Hi everyone!

    It’s been too long since I’ve written in, but I’ve been really busy and somehow my blog ended up near the bottom of my "to-do" list.  I hope you’ll forgive me!

    Much of my free time has been spent reading and studying about dental treatment of Obstructive Sleep Apnea(OSA).   In April I attended 3 days of intensive "hands on" training in the new field of dental appliance therapy for folks with OSA.  The class was given by Dr. Barry Glassman, of the Allentown Pain Center in Pennsylvania( http://www.allentownpaincenter.com/ ) who is board certified by the American Board of Dental Sleep Medicine ( http://aadsm.org/index.aspx ).  We are all familiar with snoring, which is the sound of partially obstructed breathing during sleep.  If the structures of the throat are formed in a certain way and our muscles relax enough during sleep to cause the airway to narrow and partially obstruct the flow of air, our throat structures will vibrate and cause the sound we know as snoring.  Such factors as large tonsils, a long soft palate and uvula, certain jaw configurations,  alcohol or medications, sleep posture and fat deposits contribute to the collapsibility of the airway.

    Obstructive Sleep Apnea occurs when the airway completely collapses during sleep and breathing itself stops multiple times per hour.  When no air can be drawn into the lungs, the oxygen level in the blood drops and the waste gas level rises and signals the brain to partially awaken in order to stimulate the troat muscles to open and clear the obstruction. This usually but not always happens with a loud gasp or choke.  Once a breath is taken the arousal subsides, the muscles relax and the process continues over and over all night.  People with OSA experience continally disrupted sleep and drops in oxygen levels all night.  This has been associated with  irregular heartbeat, hypertension (high blood pressure), heart attack, stroke, GERD (Reflux Disease), depression and mood alteration, and excessive daytime sleepiness which can play out with deadly consequences on our roadways.  It has even been implicated in the tragic Exxon Valdiz oil tanker accident in Alaska.

    Obstructive Sleep Apnea is typically diagnosed at a Sleep Cinic using a test called a Polysomnograph, and in the past has been treated with lifestyle changes (eg. weight loss), behavioral modification (no alcohol, changing sleep posture, etc.), surgery to enlarge the airway (painful and not as effective longterm) and CPAP or Continuous Positive Airway Pressure (a mask worn over the mouth and nose at night which pumps air into the lungs).  CPAP is almost always a very effective treatment for sleep apnea, but it is fairly cumbersome, uncomfortable, and fairly "unromantic" so compliance with its use is predictably low (<40%).

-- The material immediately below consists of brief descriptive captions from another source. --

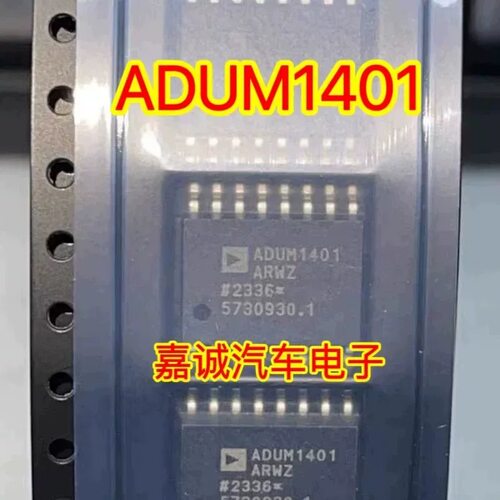 ADUM1401ARWZ 新能源汽车电脑板数字隔离器芯片 现货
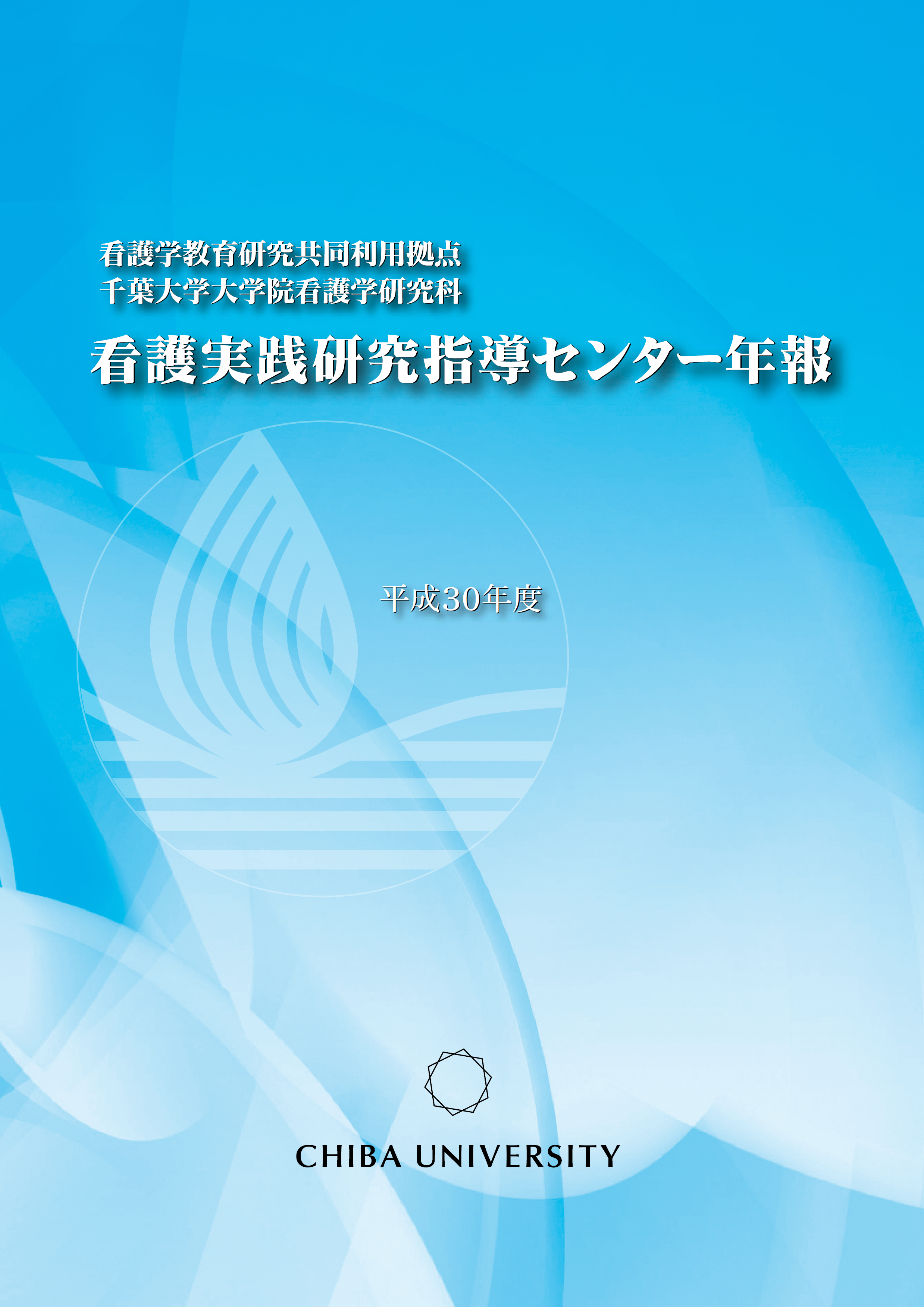 看護実践研究指導センター年報 ; 平成30年度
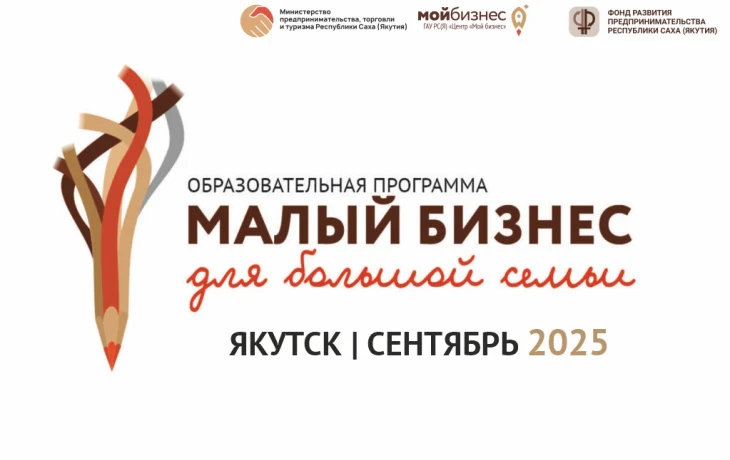 Центр &laquo;Мой бизнес&raquo; Якутии поддержит стартап многодетной семьи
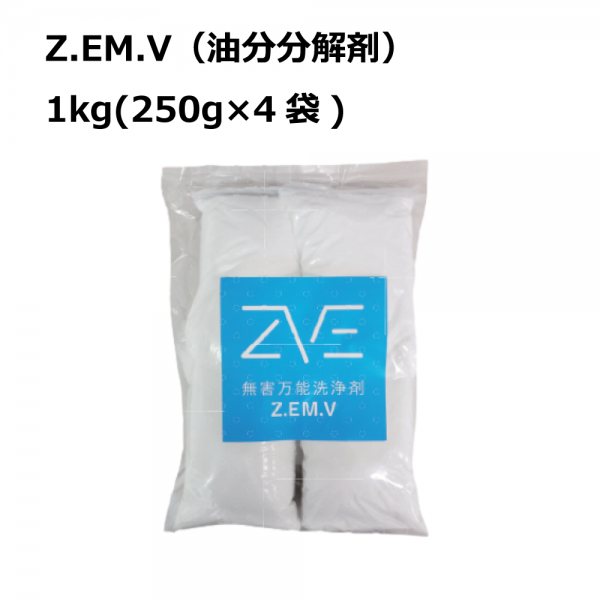 Z.EM.V（油分分解剤）1kg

    The American Academy of Sleep Medicine and the FDA has recently approved dentist fabricated oral appliances for patients with mild to moderate OSA who either perfer their use to CPAP or who are not candidates or responsive to CPAP.  These appliances are comparatively comfortable and non-invasive and go by names such as Oasys, TAP, and Somnomed.   These appliances are what we were trained to make, use, and maintain in the course I took.  I will write more on these in the near future.

    By the way, in early June I will be attending an additional 3 days of training at the American Academy of Dental Sleep Medicine annual meeting in Baltimore, MD.